If I were at a party, and I made a point of talking to nearly everyone except a friend who was certainly within earshot  multiple times through the night, and I didn't even make eye contact with her, that would certainly send a message to her. We hide behind the impersonal nature of FB, while pretending to be personal, and it allows us to be rude and hurtful, anonymously.  While we think we're being social, we're actually being socially lazy.
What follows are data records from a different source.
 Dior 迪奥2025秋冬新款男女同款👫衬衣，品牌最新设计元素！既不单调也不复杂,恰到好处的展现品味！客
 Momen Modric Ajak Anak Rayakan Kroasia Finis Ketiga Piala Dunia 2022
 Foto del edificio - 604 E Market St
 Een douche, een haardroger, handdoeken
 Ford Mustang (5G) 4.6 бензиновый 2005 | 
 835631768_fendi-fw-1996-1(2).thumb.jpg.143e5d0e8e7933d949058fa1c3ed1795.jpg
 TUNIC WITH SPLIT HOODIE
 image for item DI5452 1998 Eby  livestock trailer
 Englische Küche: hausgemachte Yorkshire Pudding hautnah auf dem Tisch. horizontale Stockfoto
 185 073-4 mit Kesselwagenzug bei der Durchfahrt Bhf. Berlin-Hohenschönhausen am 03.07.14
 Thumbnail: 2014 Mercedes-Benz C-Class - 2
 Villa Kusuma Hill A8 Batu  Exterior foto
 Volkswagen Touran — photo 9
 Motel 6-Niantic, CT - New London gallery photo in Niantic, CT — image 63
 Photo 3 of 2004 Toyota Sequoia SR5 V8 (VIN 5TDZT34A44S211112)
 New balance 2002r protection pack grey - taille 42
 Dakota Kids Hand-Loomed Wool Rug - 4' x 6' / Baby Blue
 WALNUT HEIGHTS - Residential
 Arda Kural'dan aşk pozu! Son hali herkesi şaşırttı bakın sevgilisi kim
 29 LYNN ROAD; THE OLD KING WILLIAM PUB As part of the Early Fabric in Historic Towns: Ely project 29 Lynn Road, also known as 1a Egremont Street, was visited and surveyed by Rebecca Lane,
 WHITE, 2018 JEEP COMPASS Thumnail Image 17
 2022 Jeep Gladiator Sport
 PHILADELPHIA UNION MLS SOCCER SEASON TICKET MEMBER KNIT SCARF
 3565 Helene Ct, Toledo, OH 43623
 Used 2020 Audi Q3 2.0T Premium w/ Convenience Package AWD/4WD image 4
We pretend that by clicking the "like" button we're actually doing something meaningful.  And maybe that simple acknowledgement is meaningful, sometimes.  But it's not like we're going to raise money for cancer treatment by clicking the "like" button.  The "like" button can really only go so far in maintaining a "friendship."

But maybe we don't want to really maintain friendships so much as give the appearance of doing so so that our "friends list" is really impressive looking.....hmmm.  That's worth pondering.

Bulldog said something to me many years ago that has been replaying in my head recently.  I'd just come out of a rough bout of drama with a friend of mine, who despite promising to cater my wedding, dropped out at the last minute when I wouldn't lend her $7000, despite the fact that I'd already lent her $1000 and paid her kid's tuition to a private school.  Needless to say, she is no longer my "friend" and perhaps never was in the way that I had thought.  But that's another, probably boring, story!!  Bulldog and I had just gotten married, moved thirty miles away to a new town, into a new house and he said to me, "We have a new start and I think we should surround ourselves with people that we deserve to be around."  Or something to that effect....

So, I took a hard look at my FB "friends" and realized that I needed to clean house.  I didn't want to delete them and give the appearance of rudely snubbing them, I just didn't want to see their regularly occurring alarmist, unfounded, often mean-spirited, and exclusive posts.  So, I blocked them and I feel better.

The other issue with FB is there is quite a bit that's disingenuous.  People are staging their lives to appear interesting for FB.  People are missing out on the here and now so they can take the time to upload their photos of their fabulous lives to FB.  Don't get me wrong, some photos and comments make my day.  When my sister posted a photo of one of her daughters with her second and third fingers in both of her nostrils, I laughed out loud and re-viewed that photo multiple times throughout the day.  But the disingenuous nature is obvious to some of us and bothersome.  All the more reason to consider blocking those "friends" too.

DJ didn't go into detail as to why she deleted her FB account but confirmed her reasons were related to what I've shared here.  Juliet and I sympathized with her.  DJ is way ahead of her mother on this issue.  She doesn't "need" FB like many of us do.  We can pretend we don't "need" it, but giving it up is like going without your morning cup of coffee, or your glass of wine in the evening when your kid is throwing the fifth temper tantrum of the day.

Put it this way-if your dog had a run-in with a skunk and smelled of skunk, would you let him in your living room?  No.  You wouldn't get rid of your dog, but you might have him live in the garage, or the basement, until you can get the smell out of his fur.  So, I've put a bunch of FB friends in the garage.  I know where they are; (for all I know, I might be in someone's garage, as well!!); I can still send a message if I choose.  I can let them back into the living room whenever I want....or not. In the meantime, my house doesn't stink.